Quasi-static behavior and energy absorption of bidirectional re-entrant cross-star honeycomb with multi-step deformation

Abstract

Auxetic honeycombs with multi-step deformation are critical for energy absorption applications, yet conventional designs often suffer from single-stage stress plateaus and unstable collapse modes. To address these limitations, this study proposes a novel bidirectional re-entrant cross-star honeycomb (BRSH) through a deformation coordination strategy that integrates reinforcement ribs and internal cross-star embedding. The BRSH replaces concave corners of traditional star-shaped units with linear ribs, introduces transverse inclined ribs, and embeds a cross-star substructure to enable synergistic multi-step deformation. Quasi-static compression tests and finite element (FE) simulations demonstrate that the BRSH exhibits three distinct stress plateaus without initial peak stress, achieving a more than 90 % enhancement in specific energy absorption (SEA) compared to other conventional auxetic honeycombs. Theoretical models based on plastic hinge energy dissipation accurately predict the plateau stresses, revealing a 362.6 % increase in the third plateau stress over the first stage.
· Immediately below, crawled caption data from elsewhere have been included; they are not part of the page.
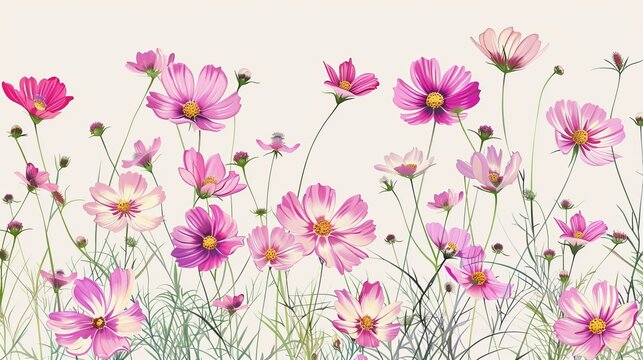 Modern images of cosmos flowers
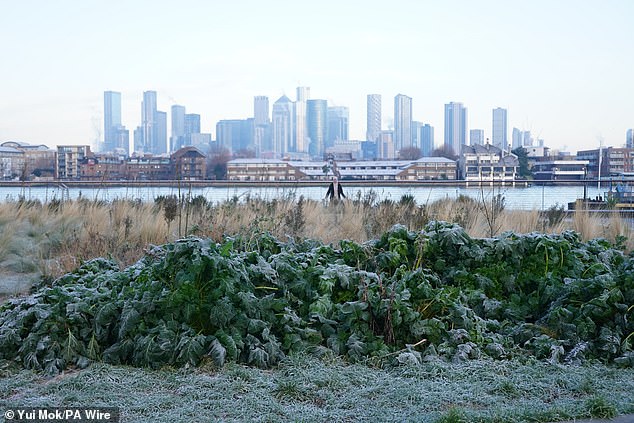 LONDON: A view of the City of London seen from the frost covered riverside near to the Cutty Sark in Greenwich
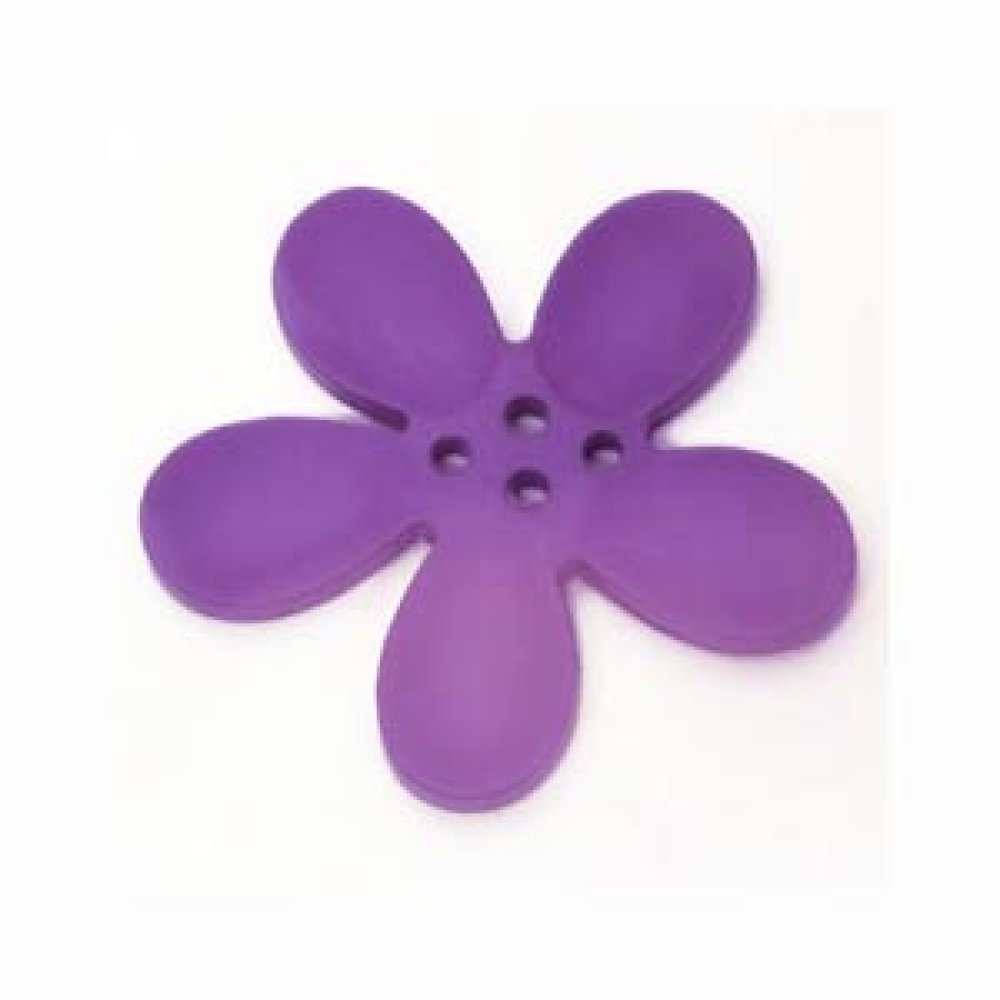 Fleur Orchidée résine 4 trous 40 x 3 mm Mauve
Furthermore, parametric studies highlight the tunability of the BRSH: adjusting geometric parameters (e.g., β, γ, l₄) allows switching between one-, two-, or three-step deformation modes, while the Poisson's ratio can be tailored from −0.09 to −0.80. The novelty of this work lies in the innovative structural design of the metamaterial and its resulting distinctive mechanical response. And these results establish the BRSH as a high-performance energy absorber with design flexibility, offering new avenues for lightweight and multi-level protective structures in aerospace and automotive engineering.